Finally, you can listen to an infinite conversation between Werner Herzog and Zlavoj Žižek.
I don’t know about you, but I’ve long desired the chance to hear Werner Herzog and Zlavoj Žižek talk at each other in an infinite loop of gnomic locutions. As celebrity intellectual gadflies with unique speaking styles go, Herzog and Žižek truly have no equal (Fran Lebowitz maybe comes close), so it seems obvious that someone would program an AI-generated conversation using deepfake speech technology to simulate the two of them nattering on into and beyond the end of days. Right?
According to the site’s creator, Giacamo Miceli, in a warning worthy of Žižek himself:
This project aims to raise awareness about the ease of using tools for synthesizing a real voice. Right now, any motivated fool can do this with a laptop in their bedroom. This changes our relationship with the media we consume online and raises questions about the importance of authoritative sources, breach of trust and gullibility.
Will this technology lead to a massive proliferation of sub-optimal-quality content? Should we simply distrust anything we see online?

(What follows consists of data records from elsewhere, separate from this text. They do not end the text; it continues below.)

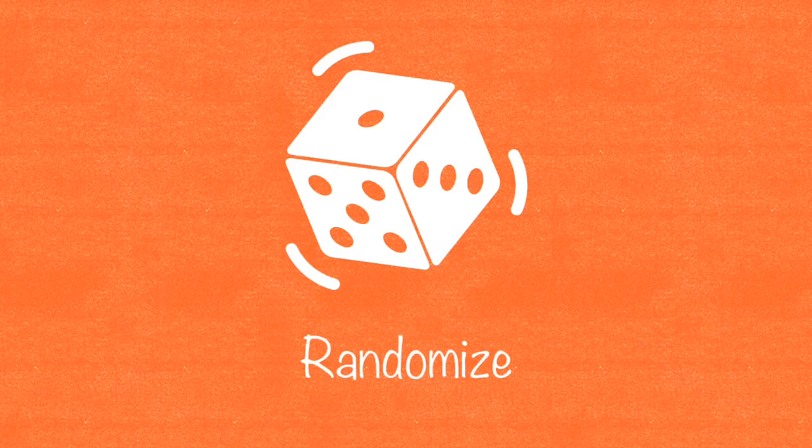Many teachers will use randomizers to figure out which student goes next. They might use a computer name generator, a dice, popsicle sticks with students' names on them, or have students flip cups or bounce ping-pong balls into cups. The idea is that you want to keep students on their toes, making sure questions are coming fast and answers are coming faster.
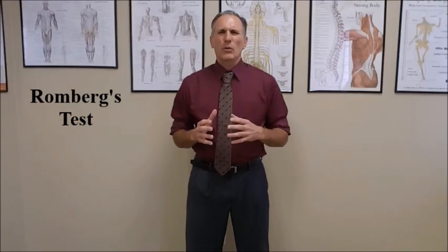Also, we want to make sure that they're not wearing any type of ankle braces or ankle supports. And when you're doing this test,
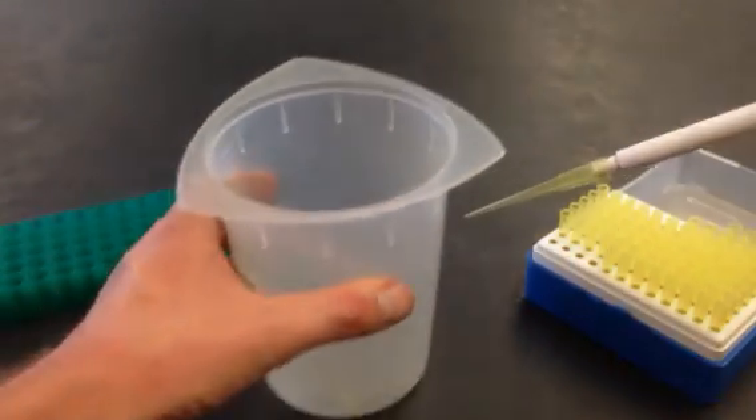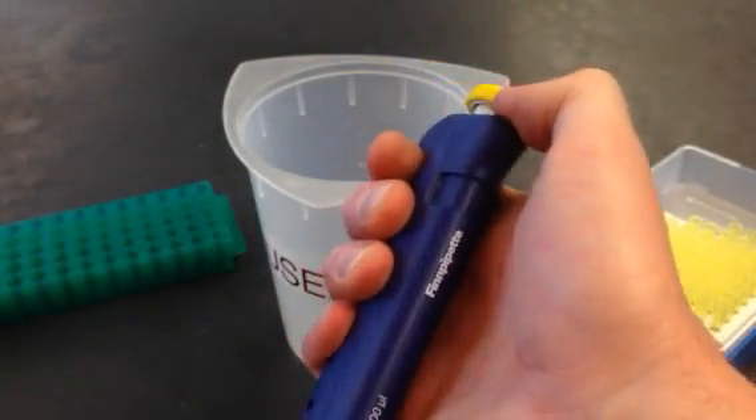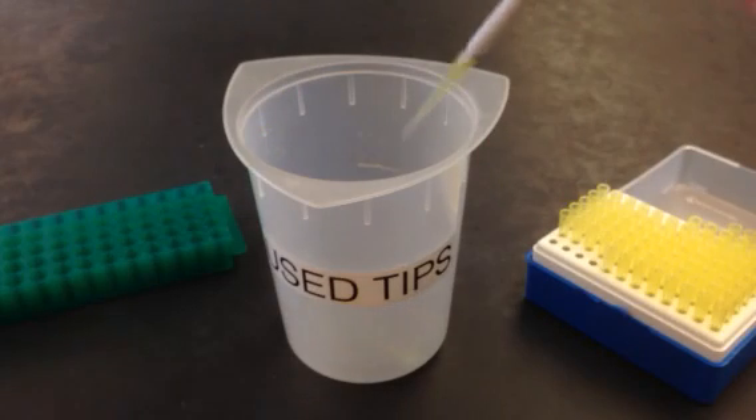I still have my tip on the pipetter, but there's another button on the side — this is the tip eject button — so I can just pop that into the used tip bin and I'm done.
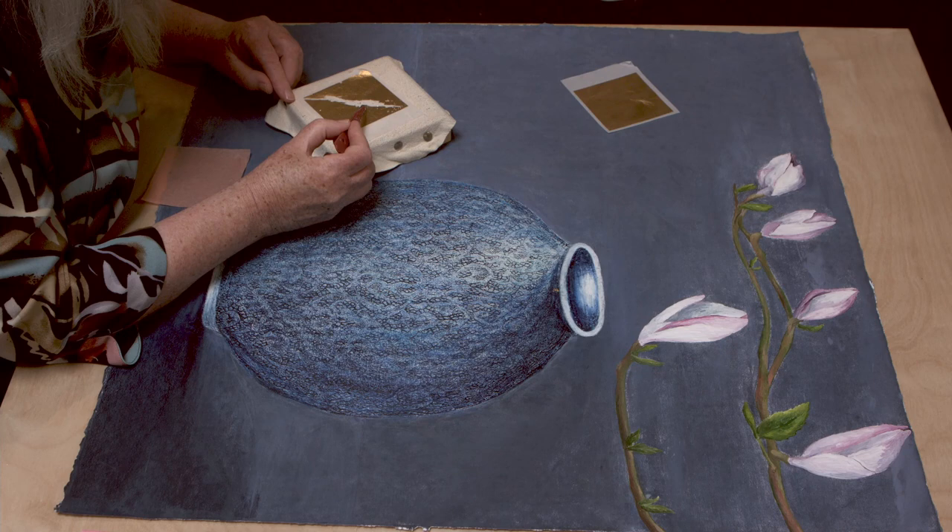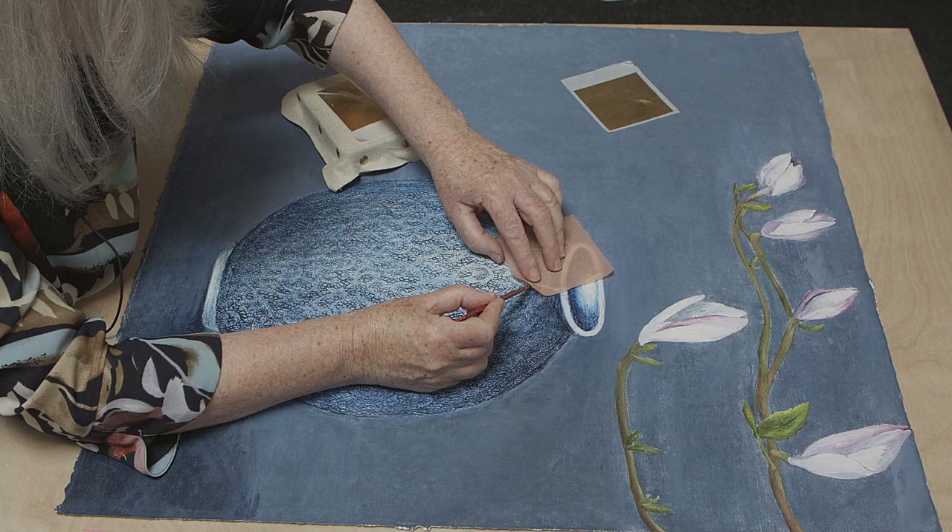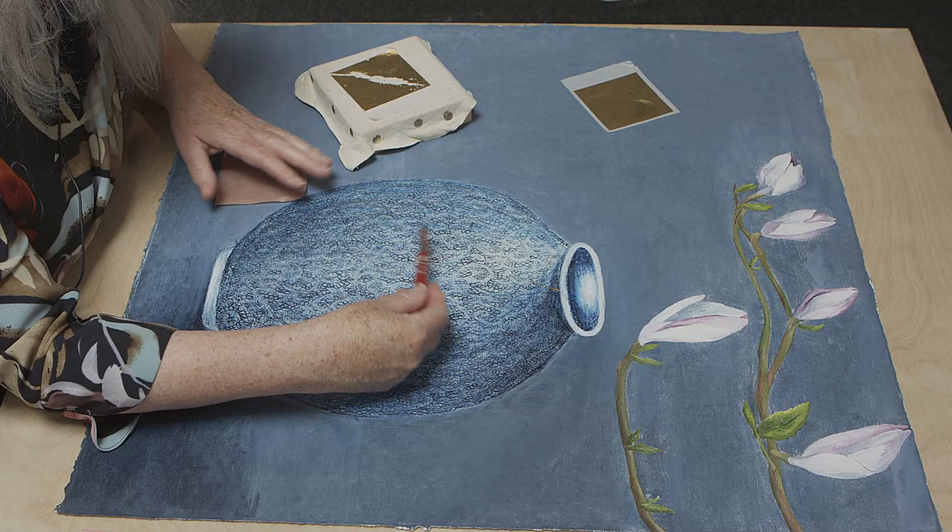As I form the golden crack, I have to bear in mind the direction that I expect a crack would happen. I'm going to apply that crack, imagining what this three-dimensional form looks like and how it would be if it had fallen and broken.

As new tools are developed to help identify generated content, I recommend maintaining a skeptical stance, particularly when the source/channel of information doesn’t seem reliable and when the claims seem preposterous or outrageous.
And here’s an example of Herzog and Žižek’s infinite exchange, which does an eerily credible job in producing plausible dialogue between the two (lol at “false intellectual protocol”):
I am so glad to hear that. I am so used to this kind of false intellectual protocol when you are invited for an interview: “How do you respond to this?” I would always say “That’s a good question, but I can’t answer it, because I don’t think the same way.” But here I am really happy. Because you know, I have this very strong melancholic side; I always worry that I do not reach the audience that I talk to myself and the audience is bored.
But to have an intellectual rapport with someone like yourself makes me extremely happy. And I also feel it in a sense with some friends, but they are of course not philosophers. So, yes, we are on the same wavelength. And if there is something, maybe, sad and melancholic in our philosophical sensibility this is quite clear.
I think, in a way, you are right. At least I have the feeling that some sort of way of thinking is shared. And what is also part of this is, we both had very similar experiences early on and they probably made us fundamentally suspicious. You very clearly, as a person who grew up under a Communist tyranny you must have had an early-on suspicion of all the media that were available to you there and you had to develop a strong skepticism towards the intellectual climate in which you found yourself.
And I, as a young person in Germany and Austria, during the sixties and early seventies very clearly had the feeling that we were all caught in a big big swamp, fully caught. And what was emanating from this swamp was nothing but lies, rampant lies and hypocrisy. This created a real suspicion that I probably would not want to relinquish even if I could and it’s become part of my way of thinking.
Though “new segments can be generated at a faster speed than what it takes to listen to them,” exchanges are uploaded daily to the site, and so long as there is electricity and internet, this conversation may well continue far past the existence of the human race. Here’s hoping.
The next obvious step will be enlisting Herzog and Žižek to read aloud their respective AI texts, at which Marina Abramović will burst into the room with a megaphone and the Seventh Seal of Hell.